• Slowing wages’ growth has already hurt Aussie, little the employment report can do.
  • Australian job’s creation seen moderated in October.
  • AUD/USD at risk of extending its decline toward 0.6670.

Australia will release this Thursday its October employment data. The economy is expected to have added 15.0K new jobs in the month, following a 14.7K increase in September. The unemployment rate is expected to tick higher to 5.3%, despite the participation rate is foreseen steady at 66.1%.

In September, the country added 26.2K full-time positions, while part-time jobs decreased by 11.4K. The composition of the headline figure is also relevant as the more full-time jobs, the better is for the economy.

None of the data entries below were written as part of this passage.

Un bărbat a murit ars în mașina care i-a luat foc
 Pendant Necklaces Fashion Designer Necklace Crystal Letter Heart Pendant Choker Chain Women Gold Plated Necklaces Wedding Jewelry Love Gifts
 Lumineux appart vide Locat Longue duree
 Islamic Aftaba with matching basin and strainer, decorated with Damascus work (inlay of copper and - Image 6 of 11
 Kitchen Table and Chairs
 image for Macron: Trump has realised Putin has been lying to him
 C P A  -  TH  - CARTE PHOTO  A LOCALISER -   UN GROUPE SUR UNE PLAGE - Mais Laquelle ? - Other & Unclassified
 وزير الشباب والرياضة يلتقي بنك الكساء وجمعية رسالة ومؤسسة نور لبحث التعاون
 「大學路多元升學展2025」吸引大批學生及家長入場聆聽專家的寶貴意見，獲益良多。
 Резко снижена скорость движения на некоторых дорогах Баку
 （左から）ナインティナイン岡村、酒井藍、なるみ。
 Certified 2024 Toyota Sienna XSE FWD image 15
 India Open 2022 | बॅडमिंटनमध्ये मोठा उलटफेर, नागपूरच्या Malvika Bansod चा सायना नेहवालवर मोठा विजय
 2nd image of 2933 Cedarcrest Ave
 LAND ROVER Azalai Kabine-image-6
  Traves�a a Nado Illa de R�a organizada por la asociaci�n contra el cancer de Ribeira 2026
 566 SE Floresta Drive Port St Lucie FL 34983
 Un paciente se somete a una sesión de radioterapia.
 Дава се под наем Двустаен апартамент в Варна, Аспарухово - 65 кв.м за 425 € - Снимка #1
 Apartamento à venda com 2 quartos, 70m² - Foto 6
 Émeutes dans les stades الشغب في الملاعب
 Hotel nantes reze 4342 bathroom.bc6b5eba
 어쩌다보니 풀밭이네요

Wages’ growth below trend for over seven years

Ahead of the event, however, the Australian Bureau of Statistics released the Q3 Wage Price Index, which was up in the quarter by 0.53%, meeting the market’s expectations. When compared to a year earlier, it was up by 2.2%, below the previous 2.3% and also missing the market’s forecast.  Those numbers confirmed that wages are stagnated below the long-term growth rate of 3.2%, a level seen over seven years ago.

Whatever the result is of the jobs’ report, the sluggish wages’ growth should maintain the RBA in the easing path. If the numbers disappoint, pressure on policymakers will mount. RBA’s Governor Lowe signalled a pause in the easing cycle earlier this month, and speculative interest believes that the RBA is done for this year, particularly considering cutting rates may backfire and dent consumption.

 AUD/USD possible scenarios

The employment report would likely trigger some action in AUD/USD, mostly if the numbers diverge from the market’s expectations. A better-than-expected report could help the Aussie advance, although, given its bearish trend, the movement will likely be short-lived, with sellers waiting at higher levels. Worse-than-anticipated figures, on the other hand, would exacerbate the dominant bearish trend.

Conclusion

As it has been happening in the last few months, unless the final numbers post a wide divergence with the market’s forecasts, the report will have a limited effect on the Australian dollar, with more chances of a bearish run in the case the report misses, than of a rally in the case it surprises to the upside.